▸ SOURCE RECORDS:

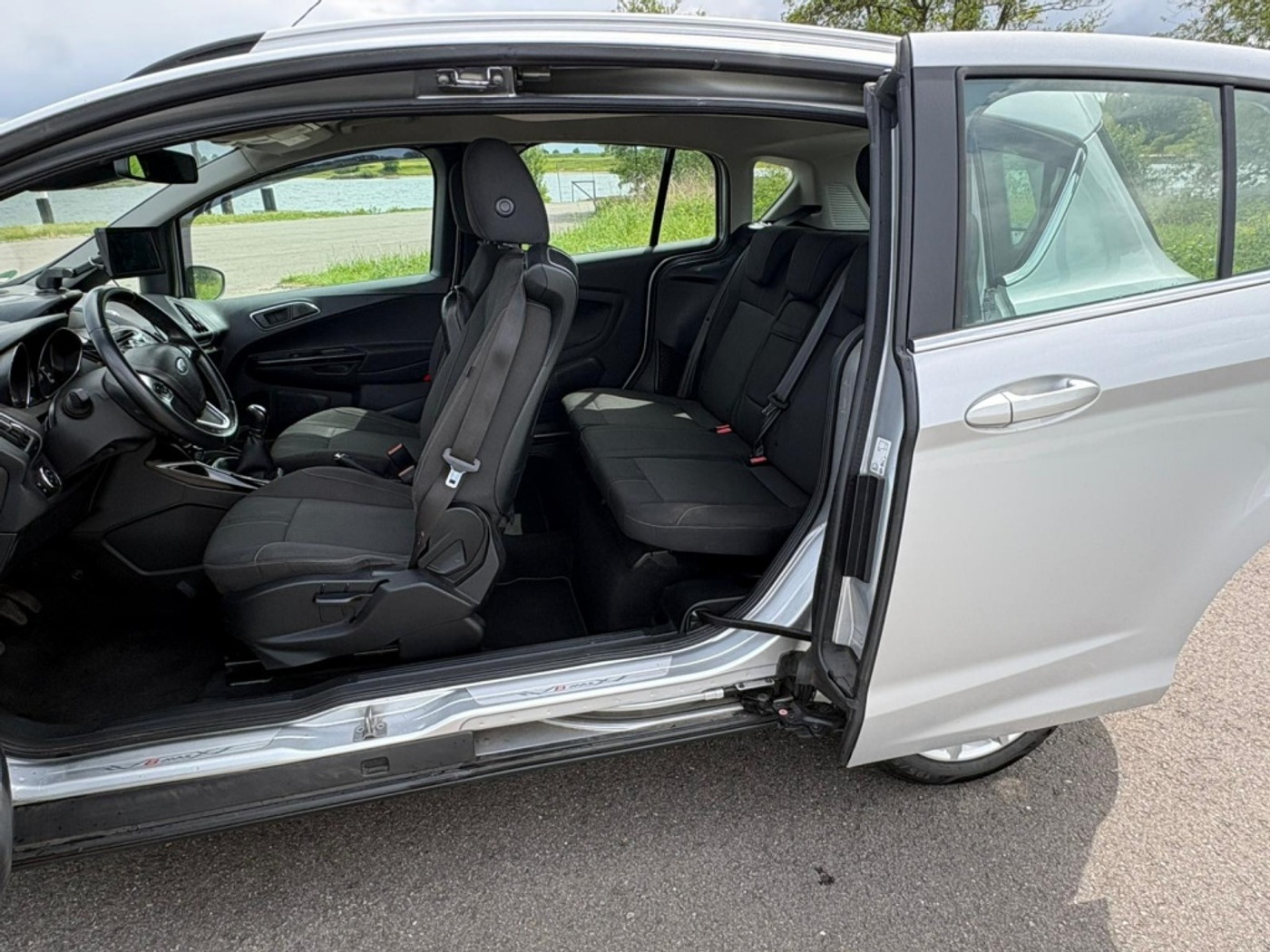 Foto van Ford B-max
--
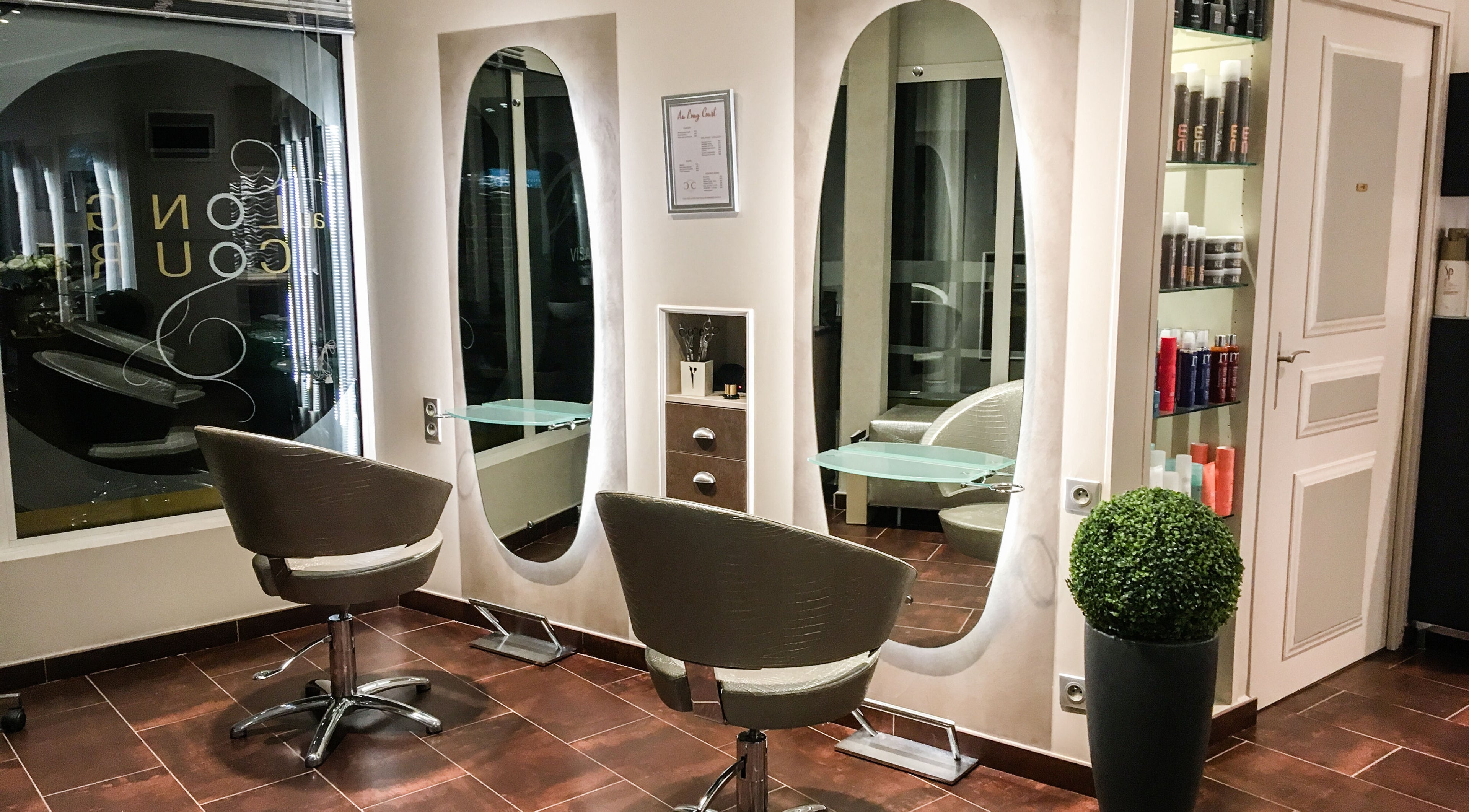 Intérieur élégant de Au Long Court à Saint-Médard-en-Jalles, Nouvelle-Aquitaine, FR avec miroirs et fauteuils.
* * *
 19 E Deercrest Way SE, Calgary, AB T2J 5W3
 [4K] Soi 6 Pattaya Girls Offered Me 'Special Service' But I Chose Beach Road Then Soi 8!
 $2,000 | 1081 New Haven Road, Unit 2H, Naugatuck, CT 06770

▸ ASSIGNMENT:
Return only the count of lines in the listing above that hold the string "Road".

▸ SOLUTION FOR THIS TASK:
2